El jinete santafesino Pablo Damián Carrizo alcanzó la gloria ayer en la grama sanisidrense, al adjudicarse de punta a punta el gran premio San Isidro en la milla, llevando al disco al caballo Inter Optimist. Sin dudas que la tarde de ayer quedará de por vida en la memoria del joven Carrizo, ya que montando al alazán Inter Optimist se adueñó del gran premio San Isidro dotado con un premio de 84.615 pesos, donde tuvo una gran tarea administrando las fuerzas del vástago de Incurable Optimist, que entrena Waldir Zancanaro, el experimentado entrenador que fue quien llevó a Buenos Aires a Carrizo.

[ De punta ]

Sin borrados, se disputó el gran premio San Isidro, donde el favoritismo recayó sobre la tordilla Teamgeist Äpropiedad del futbolista peruano Claudio PizarroÄ. A poco de la suelta, pegado a los palos Pablo Carrizo hizo correr a Inter Optimist, que rápidamente sacó claras ventajas sobre el lote.

En los primeros metros, el del stud Vengador llegó a estirar cuatro cuerpos, mientras que por el centro Edwin Talaverano descontó terreno con el otro puntero del lote; Bahiaro que al centro se acomodaba segundo, ahora a dos cuerpos; más atrás corría Horacio Betanzos con Le Park, en tanto el brasileño Jorge Ricardo accionaba cuarto con la favorita.

Recorrieron el opuesto y Carrizo logró tranquilizar al puntero, siempre al frente con dos cuerpos sobre Bahiaro que estaba a tiro, delante de Le Park, con el resto en un lote muy compacto, esperando la parte final.
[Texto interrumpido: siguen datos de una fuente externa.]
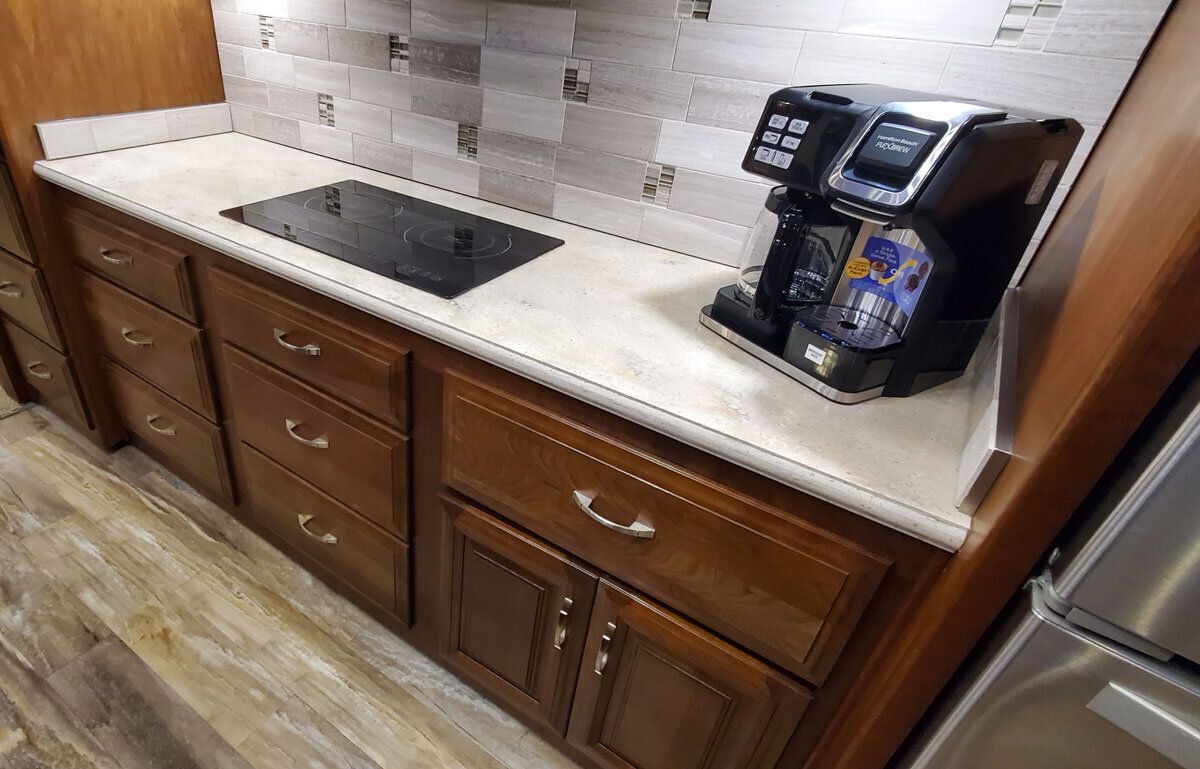 Photo 6 - 2020 DRV Fifth Wheel rental photo 8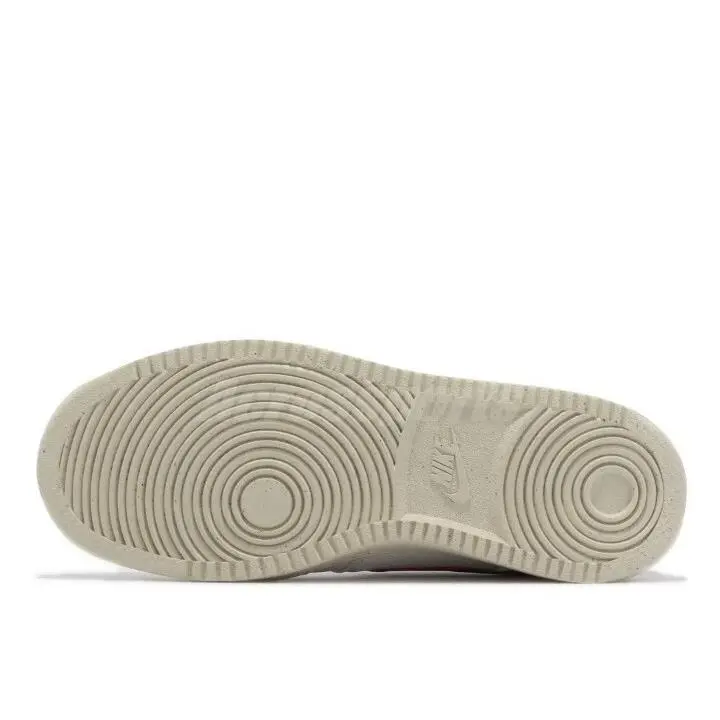 Nike shoes - Wmns Court Vision Lo Nn - Dh3158106 - White 3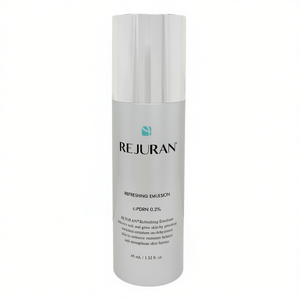 REJURAN 45ml Emulsione Rinfrescante Leggera C-PDRN con Acido Ialuronico e Centella per l'Equilibrio Olio-Acqua, Crema Viso Lenitiva - Product Image 3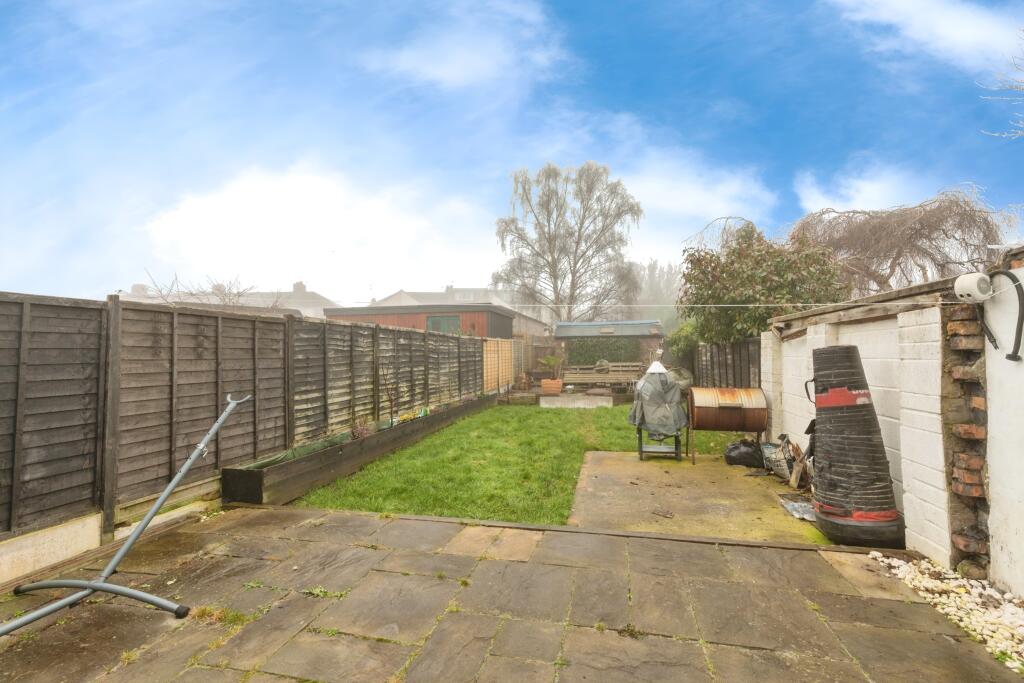 Additional image 7 of West Park Road, Bristol, BS16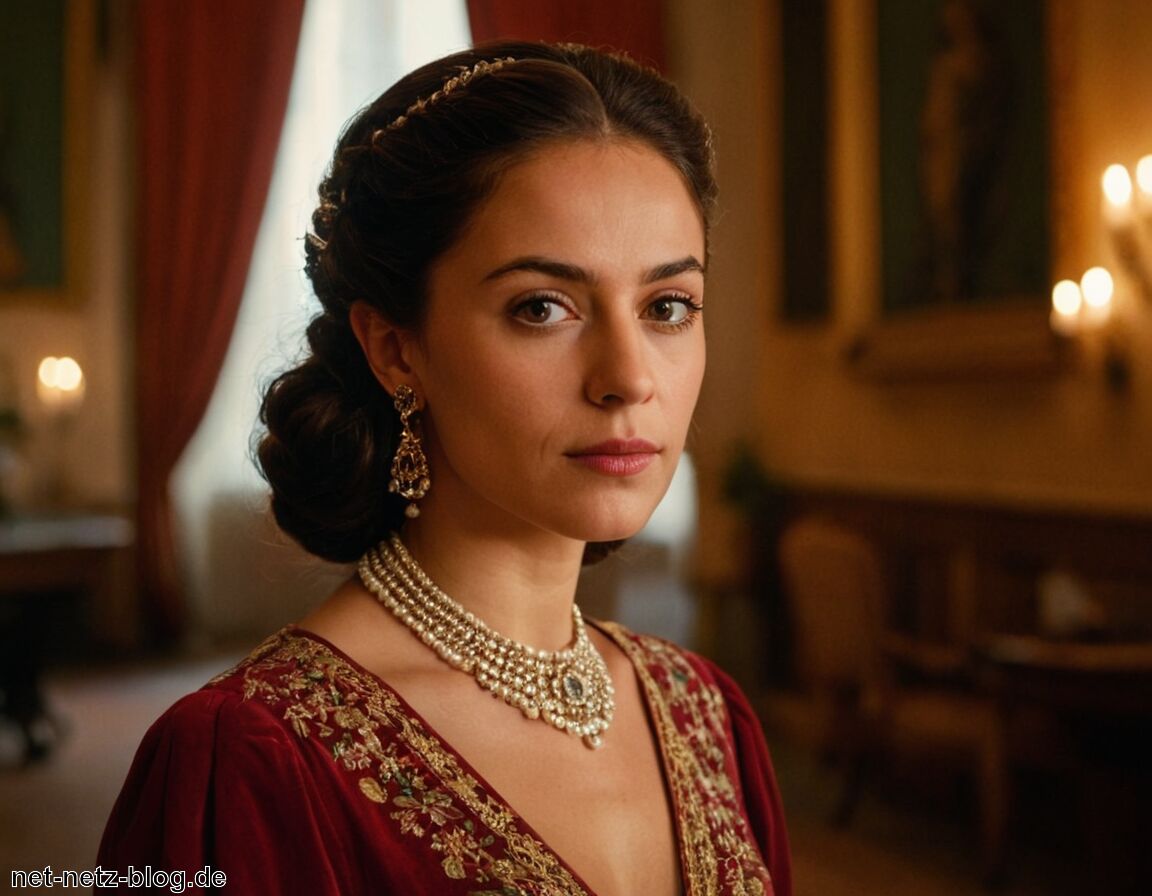 Öffentliches Auftreten der Familie di Lorenzo - Wer ist Elea Giulia Alva di Lorenzo? Ihre Geschichte, Familie und Herkunft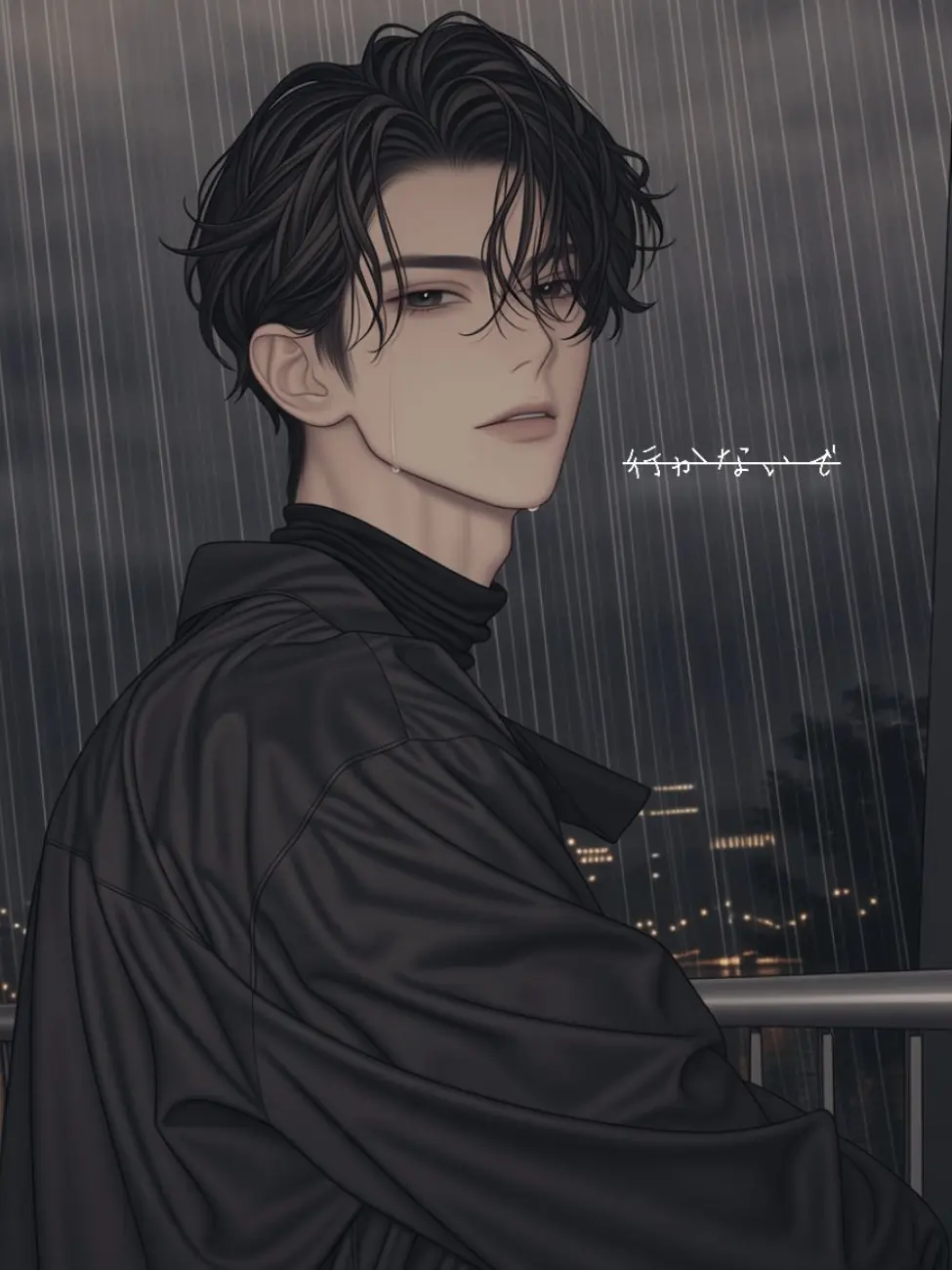 Xg_JURIN_love의 元カノ　トラウマ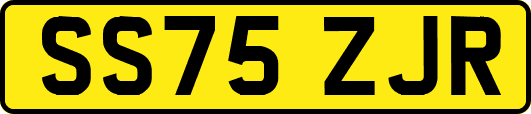 SS75ZJR
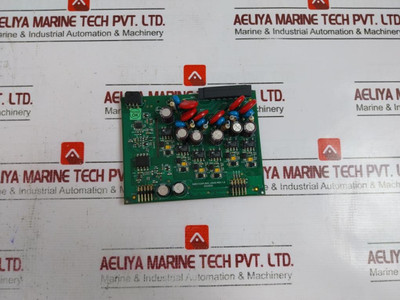 Larsen & Toubro Ems1322Pcb02_Urao Printed Circuit Board Zd22022 Rev 1.0 94V-0 - Used Larsen & Toubro Ems1322Pcb02_Urao Printed Circuit Board Zd22022 Rev 1.0 94V-0 - Used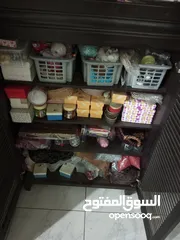  6 عدة صناعة قطع صابون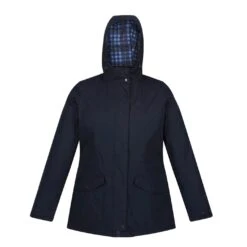 Regatta Brigida Waterproof Jacket Womens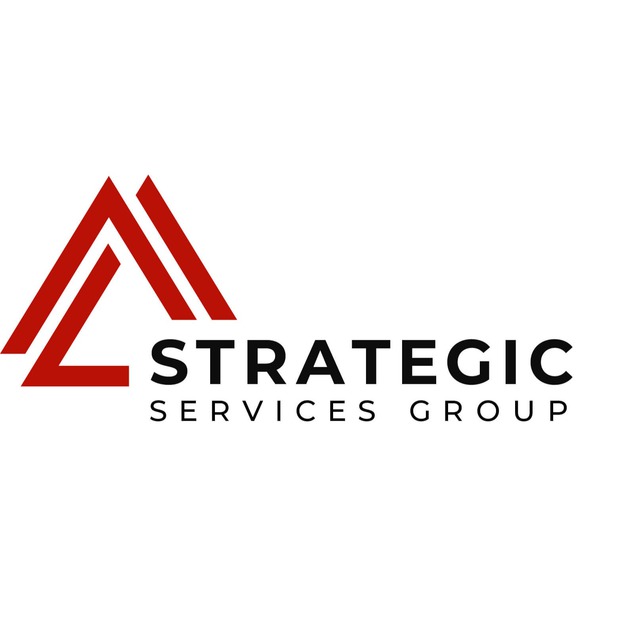 Strategic Services Group Logo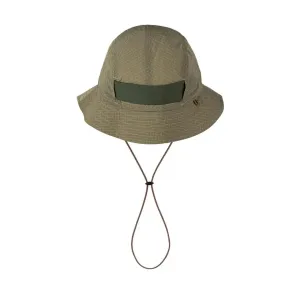 Панама BUFF Go Bucket Hat Solid 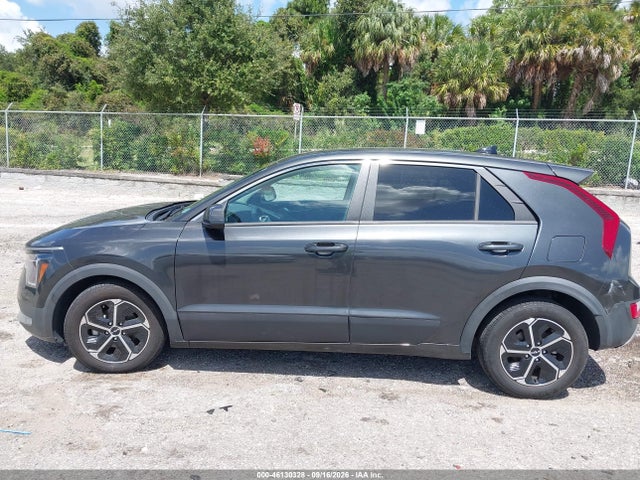 Aukcja sprzedaży 2023 Kia Niro Lx, vin: KNDCP3LEXP5097996, numer aukcji: 46130328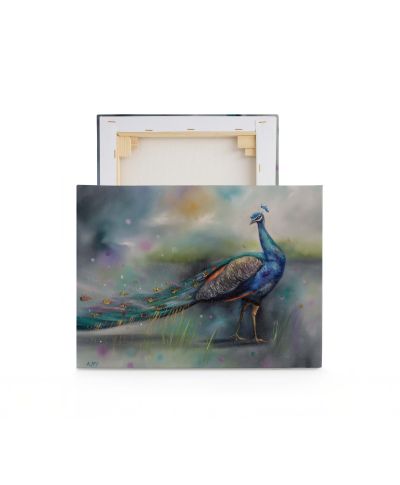 Look At Me - obraz na płótnie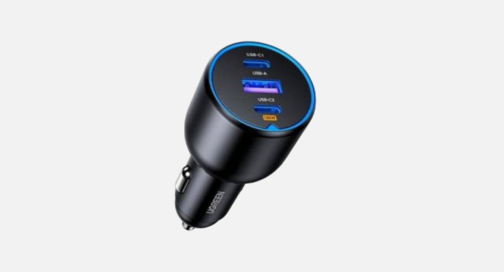 Accessoires automobiles Ugreen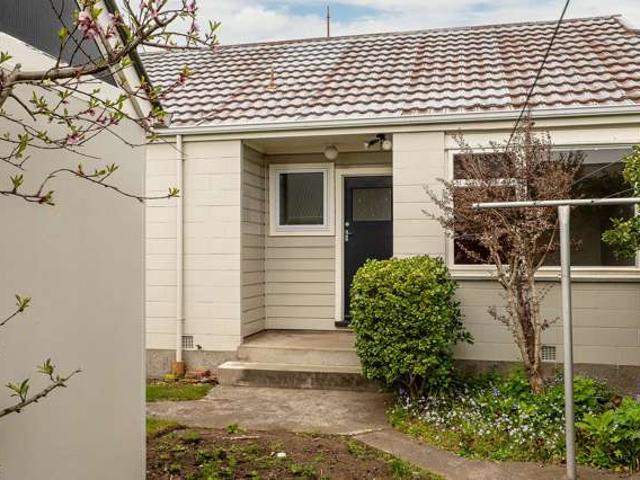 Apartment for sale in Redcliffs, Christchurch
Giraron el codo y no se produjeron mayores variantes, por lo que la llegada de la recta final los sorprendió con el pensionista de Zancanaro adelante.

[ Se aguanta ]

Ingresaron a la recta final, y el puntero buscó un poco al centro, entrando por los palos la amenaza de "Ricardiño" con la favorita, a la vez que por fuera Bahiaro se lanzaba con todo en busca del puntero. Pasaron por los 300 y las distancias se acortaron, dando la sensación que Inter Optimist no iba a poder resistir, ya que la fuerza de Bahiaro por fuera y la de la yegua Teamgeist por dentro eran realidad.

[ Resistió ]

Pese a las amenazas de estos dos grandes protagonistas de la carrera, Pablo Carrizo le había guardado un resto al puntero y fue en los 200 finales donde le terminó de "soltar el rollo" al alazán, que salió con renovadas fuerzas para irse al disco que cruzó con luz, a la vez que Carrizo se paraba en los estribos festejando su primer gran éxito en un gran premio de grupo uno en la escala internacional. Segundo cruzó Bahiaro, delante de Teamgeist que dejó cuarto a Maruco Plus con Pablo Falero.